Investigators ultimately used Fawley’s own online postings to lead them to Miss Behl’s remains, which were found wrapped in plastic bags and duct tape on the side of a road.

Fawley says he accidentally cut off Miss Behl’s oxygen by placing a bag over her head during a rough but consensual sexual encounter.

An autopsy was unable to determine the cause of death.


River foam seems to be natural

State officials said lab tests on foam floating on portions of the James River show no evidence of man-made causes.

The results suggest that the cause of the foam is not from a prison laundry in Goochland County, but something such as a natural foam that has reached unnatural levels from pollution.
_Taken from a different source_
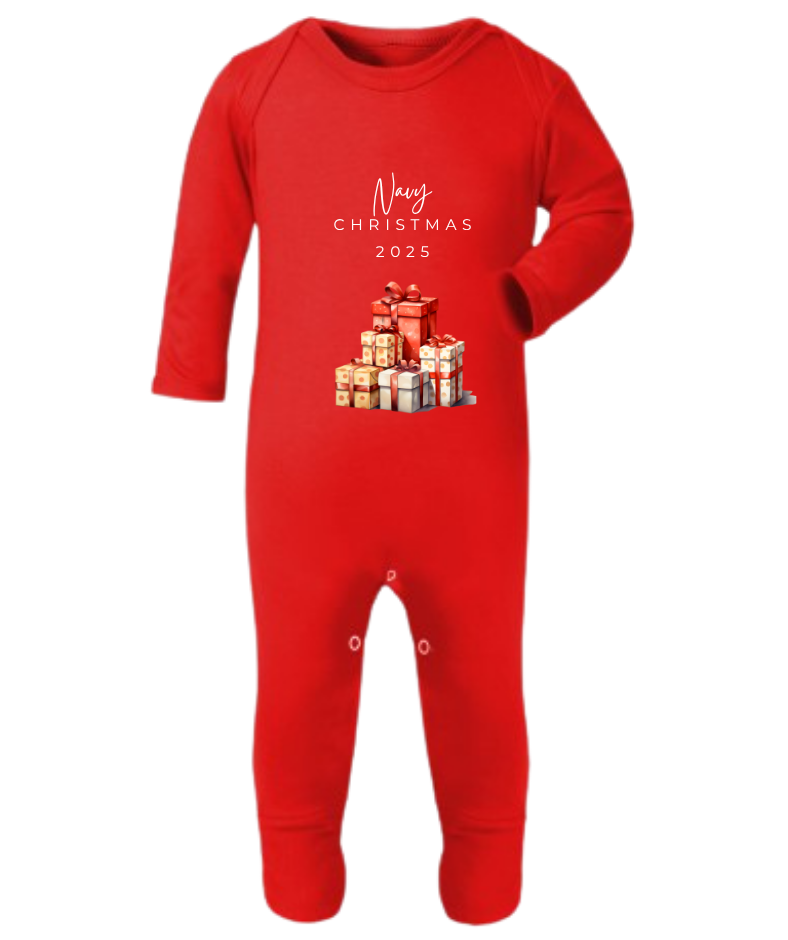 Christmas 2025 | Present | Sleepsuit | Vest | Bib | Personalised | Baby’s 1st Christmas Outfit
The state Department of Environmental Quality released the results Tuesday, and spokesman Bill Hayden said the agency will consult outside specialists on the next step.

The new test results mean that investigators will look at natural foam-causing chemicals.

For example, some plants and algae release foamy chemicals when they rot.

Patches of white or brownish foam have shown up on the James in the Richmond area on and off since spring.

The department has investigated the foam since early June.

Richmond officials said water drawn from the river is safe.


Driver feared for his safety

A Loudoun County prosecutor said the victim in an suspected road-rage incident Saturday near Washington Dulles International Airport approached another car in a hostile manner before being run over and killed.

But prosecutors are pursuing second-degree murder charges against Indeshaw Adenaw of Gaithersburg.

A judge denied bail for Mr. Adenaw yesterday while he awaits trial.

Mr. Adenaw’s attorney, John Zwerling, said his client faced a difficult choice when the victim, Charles Vo of Sterling, pulled in front of Mr. Adenaw’s car in the passing lane of the airport’s access highway.

Mr. Zwerling suggested that his client feared not only for his own safety, but also for the safety of two small children riding with him.

Prosecutors said the altercation apparently began when Mr. Vo thought Mr. Adenaw nearly sideswiped his car.

Police said Mr. Vo then chased Mr. Adenaw and cut him off.